The college requires all students seeking a bachelor’s degree to take an art elective. Herzog chose digital photography on the recommendation of his father.
“It was a wild experience to learn something completely new from a completely different approach than IT,” Herzog said. “My teacher, Keith Vanderlin (assistant professor of graphic design), was strict and honest, and I enjoyed that. Most of my photos were bad. I learned that failing is a part of the journey to success. I could have taken my failures personally and given up, but I wanted to prove to myself and everyone that I could do it.”
Stretching his “creative-mind muscle” in that class led Herzog to the realization that photography was his true calling.
“It’s capturing a moment and/or creating a moment. You can always learn something new, and there is no ending. You can create your own style. You can break the rules without any repercussions. There is a lot to love,” he explained.
Herzog’s experience with the course illustrates the importance of a general education to complement the strong technical core students receive at Penn College, according to Bradley M. Webb, dean of engineering technologies.
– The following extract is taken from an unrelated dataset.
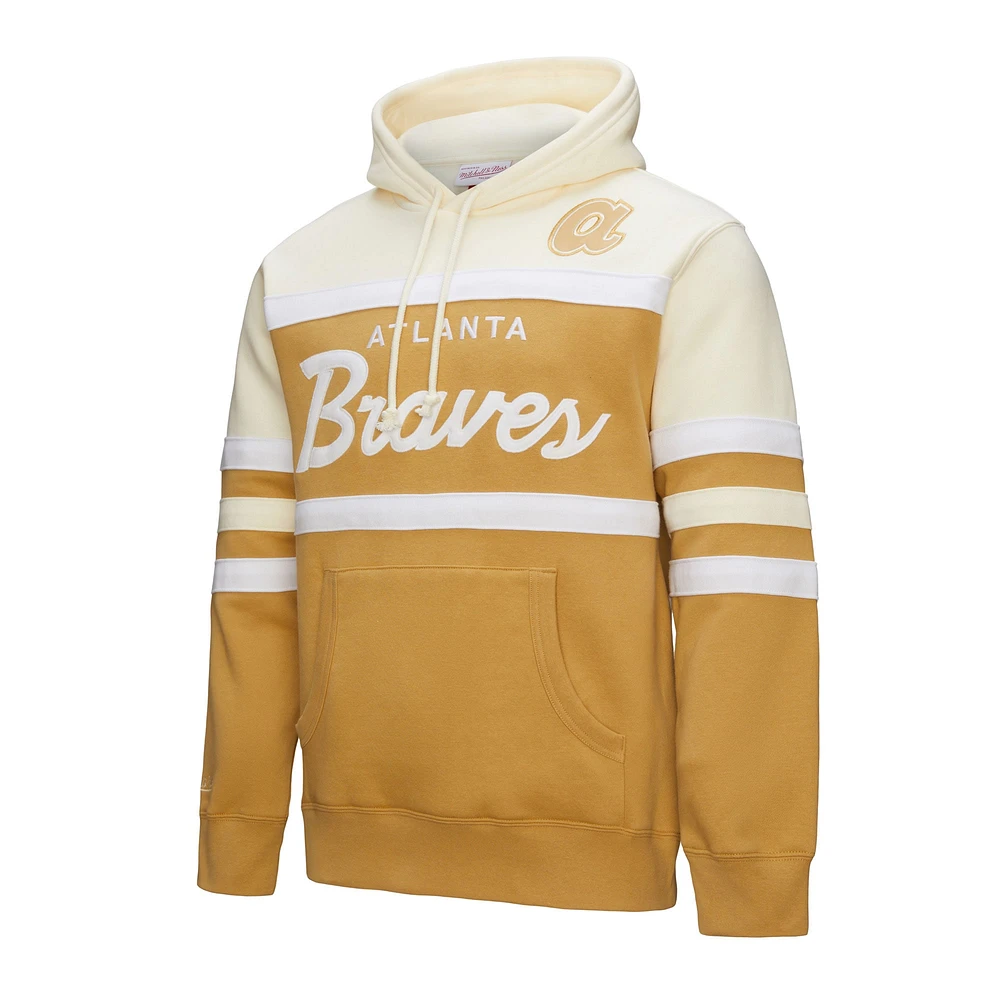Sweat à capuche Mitchell & Ness pour homme, couleur beige/crème, entraîneur des Braves d'Atlanta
“Courses in math, English and communication strengthen students’ educational foundation. Science, history and art classes broaden their perspective,” he said. “As a whole, the courses add tremendous value to the specialized hands-on experiences that students receive in their major. And sometimes, like in Christopher’s case, they open future doors that you never knew existed.”
The door didn’t open right away for Herzog. IT was his invested career path, and he enjoyed the people and his role at the defense contractor. But on the side, he began to develop quite the photography collection, with sections devoted to portraits, landscapes, fashion and architecture.
“I did a medley of everything. Nothing was off the table,” he said.
A friendship with one of his employer’s photographers introduced him to the awe-inspiring opportunities in defense/industrial photography and prompted him to seek an opening on the Northrop Grumman photo team. Herzog landed the position in July.
“I work with a team of great people. Everyone comes from different backgrounds, and they are all extremely knowledgeable,” Herzog said. “They have taught me a lot, and I hope to continue to learn from them.”
Portraits, corporate events, manufacturing processes and the latest examples of Northrop Grumman’s aerospace ingenuity fill the “sea of never-ending photo opportunities,” Herzog said. His duties encompass the entire photography workflow — shooting, editing, delivering and archiving. Use of his photos range from marketing initiatives to reference materials.
“I’m proud of myself for taking the risk to pursue my passion — something I have no extensive formal education in,” Herzog said. “I’m a risk-averse person, and this alone was my biggest challenge and proudest accomplishment.”